**** Data supplied ****

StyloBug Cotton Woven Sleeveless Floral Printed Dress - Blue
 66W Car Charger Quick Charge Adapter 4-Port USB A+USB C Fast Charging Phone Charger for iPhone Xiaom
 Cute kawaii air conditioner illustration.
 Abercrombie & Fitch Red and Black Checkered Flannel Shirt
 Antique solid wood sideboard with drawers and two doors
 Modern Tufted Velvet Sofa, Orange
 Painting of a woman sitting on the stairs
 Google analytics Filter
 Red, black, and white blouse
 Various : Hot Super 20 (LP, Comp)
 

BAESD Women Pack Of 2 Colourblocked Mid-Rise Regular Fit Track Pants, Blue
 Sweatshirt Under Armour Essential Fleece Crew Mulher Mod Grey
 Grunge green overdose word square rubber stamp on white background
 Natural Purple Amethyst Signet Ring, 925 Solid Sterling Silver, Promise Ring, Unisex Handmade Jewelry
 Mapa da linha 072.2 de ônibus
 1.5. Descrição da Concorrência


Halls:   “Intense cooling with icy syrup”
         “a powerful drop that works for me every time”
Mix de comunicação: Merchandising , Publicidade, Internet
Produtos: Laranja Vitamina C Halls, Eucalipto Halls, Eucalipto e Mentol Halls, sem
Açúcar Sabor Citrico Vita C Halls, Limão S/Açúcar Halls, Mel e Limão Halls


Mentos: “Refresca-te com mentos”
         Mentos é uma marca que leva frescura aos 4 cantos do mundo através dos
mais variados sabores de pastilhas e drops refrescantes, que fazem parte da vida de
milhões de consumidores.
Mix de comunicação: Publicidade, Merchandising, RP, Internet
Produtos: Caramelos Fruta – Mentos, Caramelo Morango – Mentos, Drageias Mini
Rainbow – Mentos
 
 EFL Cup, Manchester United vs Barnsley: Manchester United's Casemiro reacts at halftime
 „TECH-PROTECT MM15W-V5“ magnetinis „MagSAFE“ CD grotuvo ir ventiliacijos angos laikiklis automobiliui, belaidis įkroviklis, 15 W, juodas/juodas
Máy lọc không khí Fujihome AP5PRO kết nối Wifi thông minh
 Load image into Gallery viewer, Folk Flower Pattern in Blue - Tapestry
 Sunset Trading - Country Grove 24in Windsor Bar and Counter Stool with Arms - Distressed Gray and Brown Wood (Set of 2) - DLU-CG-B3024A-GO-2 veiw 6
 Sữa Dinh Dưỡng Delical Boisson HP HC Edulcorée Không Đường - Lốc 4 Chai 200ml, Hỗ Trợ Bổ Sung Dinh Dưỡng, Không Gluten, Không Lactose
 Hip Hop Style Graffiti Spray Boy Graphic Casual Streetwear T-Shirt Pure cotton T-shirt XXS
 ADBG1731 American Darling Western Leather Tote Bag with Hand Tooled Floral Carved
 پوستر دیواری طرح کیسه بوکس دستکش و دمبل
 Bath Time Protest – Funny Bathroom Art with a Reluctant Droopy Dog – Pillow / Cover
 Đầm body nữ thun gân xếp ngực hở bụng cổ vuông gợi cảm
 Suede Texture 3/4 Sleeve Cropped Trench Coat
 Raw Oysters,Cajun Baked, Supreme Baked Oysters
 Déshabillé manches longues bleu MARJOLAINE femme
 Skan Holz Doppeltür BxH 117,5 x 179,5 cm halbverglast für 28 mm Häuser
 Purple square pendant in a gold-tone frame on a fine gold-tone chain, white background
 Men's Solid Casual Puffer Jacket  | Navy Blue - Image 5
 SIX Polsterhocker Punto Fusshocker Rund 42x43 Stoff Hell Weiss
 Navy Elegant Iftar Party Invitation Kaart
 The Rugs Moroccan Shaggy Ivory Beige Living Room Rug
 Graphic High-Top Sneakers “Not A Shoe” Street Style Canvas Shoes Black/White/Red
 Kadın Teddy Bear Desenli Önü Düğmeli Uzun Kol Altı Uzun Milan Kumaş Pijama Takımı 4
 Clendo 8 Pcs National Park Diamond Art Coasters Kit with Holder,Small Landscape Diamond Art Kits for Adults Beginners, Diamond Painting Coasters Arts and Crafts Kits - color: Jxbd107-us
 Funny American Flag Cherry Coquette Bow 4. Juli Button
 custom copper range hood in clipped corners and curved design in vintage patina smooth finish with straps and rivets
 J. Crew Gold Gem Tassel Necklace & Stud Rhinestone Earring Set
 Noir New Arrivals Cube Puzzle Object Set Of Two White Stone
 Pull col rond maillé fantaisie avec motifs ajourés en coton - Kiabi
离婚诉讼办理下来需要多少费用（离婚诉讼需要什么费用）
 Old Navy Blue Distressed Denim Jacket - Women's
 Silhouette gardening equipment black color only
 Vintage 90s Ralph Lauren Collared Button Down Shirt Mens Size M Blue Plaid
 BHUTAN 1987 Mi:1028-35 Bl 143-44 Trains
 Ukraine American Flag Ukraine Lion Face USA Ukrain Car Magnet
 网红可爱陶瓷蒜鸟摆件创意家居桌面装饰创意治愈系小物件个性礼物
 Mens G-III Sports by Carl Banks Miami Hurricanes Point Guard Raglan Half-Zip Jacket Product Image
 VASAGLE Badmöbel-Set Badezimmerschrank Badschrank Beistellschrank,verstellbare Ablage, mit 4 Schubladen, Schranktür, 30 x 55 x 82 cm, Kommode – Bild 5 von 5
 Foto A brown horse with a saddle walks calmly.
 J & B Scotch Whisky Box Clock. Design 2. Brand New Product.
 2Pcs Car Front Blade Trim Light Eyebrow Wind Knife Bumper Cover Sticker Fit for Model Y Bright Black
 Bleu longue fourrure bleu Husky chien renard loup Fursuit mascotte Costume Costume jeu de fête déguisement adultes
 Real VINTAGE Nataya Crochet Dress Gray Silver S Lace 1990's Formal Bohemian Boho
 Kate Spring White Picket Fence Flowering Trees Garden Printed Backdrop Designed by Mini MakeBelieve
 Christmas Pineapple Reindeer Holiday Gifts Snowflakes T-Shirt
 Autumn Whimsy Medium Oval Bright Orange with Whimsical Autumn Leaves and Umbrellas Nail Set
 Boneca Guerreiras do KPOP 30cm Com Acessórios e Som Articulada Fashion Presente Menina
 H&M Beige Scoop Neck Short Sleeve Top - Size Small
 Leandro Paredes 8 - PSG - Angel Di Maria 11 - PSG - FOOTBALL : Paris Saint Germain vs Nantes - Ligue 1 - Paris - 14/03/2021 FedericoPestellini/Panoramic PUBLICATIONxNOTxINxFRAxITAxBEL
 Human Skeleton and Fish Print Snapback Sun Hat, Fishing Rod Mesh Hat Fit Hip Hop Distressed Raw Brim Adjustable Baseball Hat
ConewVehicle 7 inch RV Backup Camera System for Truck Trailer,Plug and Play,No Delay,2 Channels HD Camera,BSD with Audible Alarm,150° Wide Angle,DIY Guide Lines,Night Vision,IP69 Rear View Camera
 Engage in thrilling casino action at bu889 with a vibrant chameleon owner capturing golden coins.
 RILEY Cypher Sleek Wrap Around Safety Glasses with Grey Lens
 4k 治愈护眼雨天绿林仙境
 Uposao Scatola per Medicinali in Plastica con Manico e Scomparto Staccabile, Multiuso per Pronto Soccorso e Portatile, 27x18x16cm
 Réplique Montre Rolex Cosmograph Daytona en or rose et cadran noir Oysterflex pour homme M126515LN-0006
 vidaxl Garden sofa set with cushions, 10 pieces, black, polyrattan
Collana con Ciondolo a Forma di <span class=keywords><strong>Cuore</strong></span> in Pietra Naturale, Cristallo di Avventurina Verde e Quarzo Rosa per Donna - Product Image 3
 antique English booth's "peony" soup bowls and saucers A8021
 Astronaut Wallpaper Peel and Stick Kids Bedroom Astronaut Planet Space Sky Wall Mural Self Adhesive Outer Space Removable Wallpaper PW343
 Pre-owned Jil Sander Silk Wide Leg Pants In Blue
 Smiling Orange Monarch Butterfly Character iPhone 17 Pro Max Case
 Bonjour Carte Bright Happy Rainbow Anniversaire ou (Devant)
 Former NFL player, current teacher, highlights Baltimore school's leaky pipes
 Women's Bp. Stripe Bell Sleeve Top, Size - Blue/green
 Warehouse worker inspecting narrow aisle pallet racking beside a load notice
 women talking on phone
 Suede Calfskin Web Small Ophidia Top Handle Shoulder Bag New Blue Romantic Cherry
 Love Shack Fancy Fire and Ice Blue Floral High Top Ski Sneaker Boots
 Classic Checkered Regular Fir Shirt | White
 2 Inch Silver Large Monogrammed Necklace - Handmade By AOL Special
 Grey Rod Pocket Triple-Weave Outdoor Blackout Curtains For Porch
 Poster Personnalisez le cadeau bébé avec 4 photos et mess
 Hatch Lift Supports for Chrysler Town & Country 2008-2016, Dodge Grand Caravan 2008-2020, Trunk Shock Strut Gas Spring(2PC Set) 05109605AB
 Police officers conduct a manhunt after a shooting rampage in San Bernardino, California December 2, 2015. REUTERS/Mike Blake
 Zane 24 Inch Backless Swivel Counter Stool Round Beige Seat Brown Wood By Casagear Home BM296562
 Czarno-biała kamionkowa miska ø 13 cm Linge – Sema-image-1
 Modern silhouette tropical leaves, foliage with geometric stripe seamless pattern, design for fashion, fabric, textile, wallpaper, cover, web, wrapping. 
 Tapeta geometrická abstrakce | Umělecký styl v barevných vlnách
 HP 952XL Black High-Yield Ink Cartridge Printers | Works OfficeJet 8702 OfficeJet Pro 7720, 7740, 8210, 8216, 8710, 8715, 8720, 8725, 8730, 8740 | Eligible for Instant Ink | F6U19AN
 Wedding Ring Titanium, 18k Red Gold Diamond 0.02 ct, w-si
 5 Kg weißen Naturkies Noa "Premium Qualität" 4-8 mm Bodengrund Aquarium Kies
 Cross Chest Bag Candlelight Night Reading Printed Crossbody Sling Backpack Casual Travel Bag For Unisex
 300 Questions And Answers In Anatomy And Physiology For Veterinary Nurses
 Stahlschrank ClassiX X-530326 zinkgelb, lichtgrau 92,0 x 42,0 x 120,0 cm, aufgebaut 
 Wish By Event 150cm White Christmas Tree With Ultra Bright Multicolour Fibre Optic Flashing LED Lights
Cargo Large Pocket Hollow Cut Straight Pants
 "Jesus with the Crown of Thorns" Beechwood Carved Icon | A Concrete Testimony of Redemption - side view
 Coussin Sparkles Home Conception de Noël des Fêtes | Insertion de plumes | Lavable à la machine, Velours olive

****

**What to do:** Every line of the entries above that includes "Spring" should be copied.

**Solution for this exercise:**
 Kate Spring White Picket Fence Flowering Trees Garden Printed Backdrop Designed by Mini MakeBelieve
 Hatch Lift Supports for Chrysler Town & Country 2008-2016, Dodge Grand Caravan 2008-2020, Trunk Shock Strut Gas Spring(2PC Set) 05109605AB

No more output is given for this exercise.